Amid the mess that is “The Crud” shine some gems of insight. Which is apt, since Buntport Theater’s latest, ambitious and absurdist performance piece takes on the stuff that humans keep — or, rather, shunt off to a storage unit we may or may not visit.
Last October, Buntport announced it was going to purchase a storage unit at an auction. “Yeah, like ‘Storage Wars,’ ” stated a later press release.
In that release, the company went on to lay out the artistic/philosophical parameters for its endeavor. “(W)e said that whatever we found in the locker would inspire our next play. We all knew that we didn’t intend to write a play about the original owner of the contents, but that this collection ― curated by a stranger ― would be a jumping-off point.”

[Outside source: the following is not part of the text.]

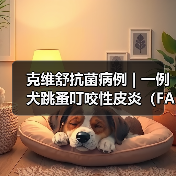 克维舒抗菌病例 | 一例犬跳蚤叮咬性皮炎（FAD）的病例分析 - 新生家伴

I share some of the reasoning behind the entertaining albeit uneven show because it speaks to the personality of this always imaginative outfit. Because the Buntport troupe — Erik Edborg, Hannah Duggan, Erin Rollman, Brian Colonna and SamAnTha Schmitz (offstage) — most often operates in the “meta” sphere. Cogitate about, chuckle at and wrestle with human complexity is what the gang of five co-creators does with consistent and edgy aplomb.
And so “The Crud” finds three fanciful denizens of a pile of stuff contemplating … well, that’s the tricky part. Let’s say boredom, attachment, the waxing and waning value of “junk” for their owners.
Interceding from time to time is a white-clad fellow with a white plume atop his head. Portrayed by Edborg, the character “I Have No Name” is there to help Bearly Bear, Dear Dear and Broken Baby Doll Detective (and, more important, the audience) formulate questions about memory and forgetting, hoarding and letting go.
Off to one side of the stage is a pile of stuff that includes furniture, an old stereo receiver, clothes, a shoe here and there. It’s a “bunch of who-needs-it against a background of the same,” says I Have No Name at one point. making the comparison of the pile’s contents to those of our fading memory.
Behind a gauzy scrim on the other side of the stage is a white wall. Because the scrim acts as a screen for “surveillance” projections, the show’s visual field can be layered, disorienting or both.
The costumes, too, are bizarro. A pony head with antlers sits atop Dear Deer’s head. A wee toy man with no arms rests on Broken Baby Doll Detective’s shoulder. When introducing a hunch, the ultra-specific private eye (Colonna) presses “play’ on an old-style tape recorder. Out comes a sobering tune to loopy noirish effect. As for the kindly if dim Bearly Bear, Hannah Duggan makes a heckuva entrance (not to be spoiled here). Her pelt is made up of (mostly) stuffed animals sewn together.
Forget her moniker: Dear Deer (Rollman) isn’t very gentle. Aggravated by boredom is more like it. She does not respond favorably to Barely Bear’s sweet invitation to “go lick some batteries.” The only cure to her ennui: raspberry jelly, of which there’s a scant supply.
If “The Crud” sounds rather mad, it is.
The show has wit. When Bearly Bear gets hit with a wave of nausea, the audience guffawed. Some ender lines of dialog stick. For instance, “Let’s all hate each other is not as fun as it sounds.” And the repeated gesture of the characters greeting anxiety with “arms-open” is touching for its topsy-turvy vulnerability. As always, each cast member injects his or her performance with idiosyncratic verve.
What “The Crud” doesn’t have — and I want to say “yet,” because I can see how this show could become special in a future iteration — are some moments of empty space and quiet. Like the mix of treasures and rubbish Buntport purchased, the show’s ideas are strewn throughout the 75-minute piece.
The closest the “The Crud” comes to much-needed pauses are the interventions of Edborg’s character and the brief, repeated refrain “time passes.” It does, quite swiftly.
While a great deal of the clutter and breakneck pacing is intentional, the show would benefit from some deep breathes. Throw open that roll-up storage unit door! Let some air in!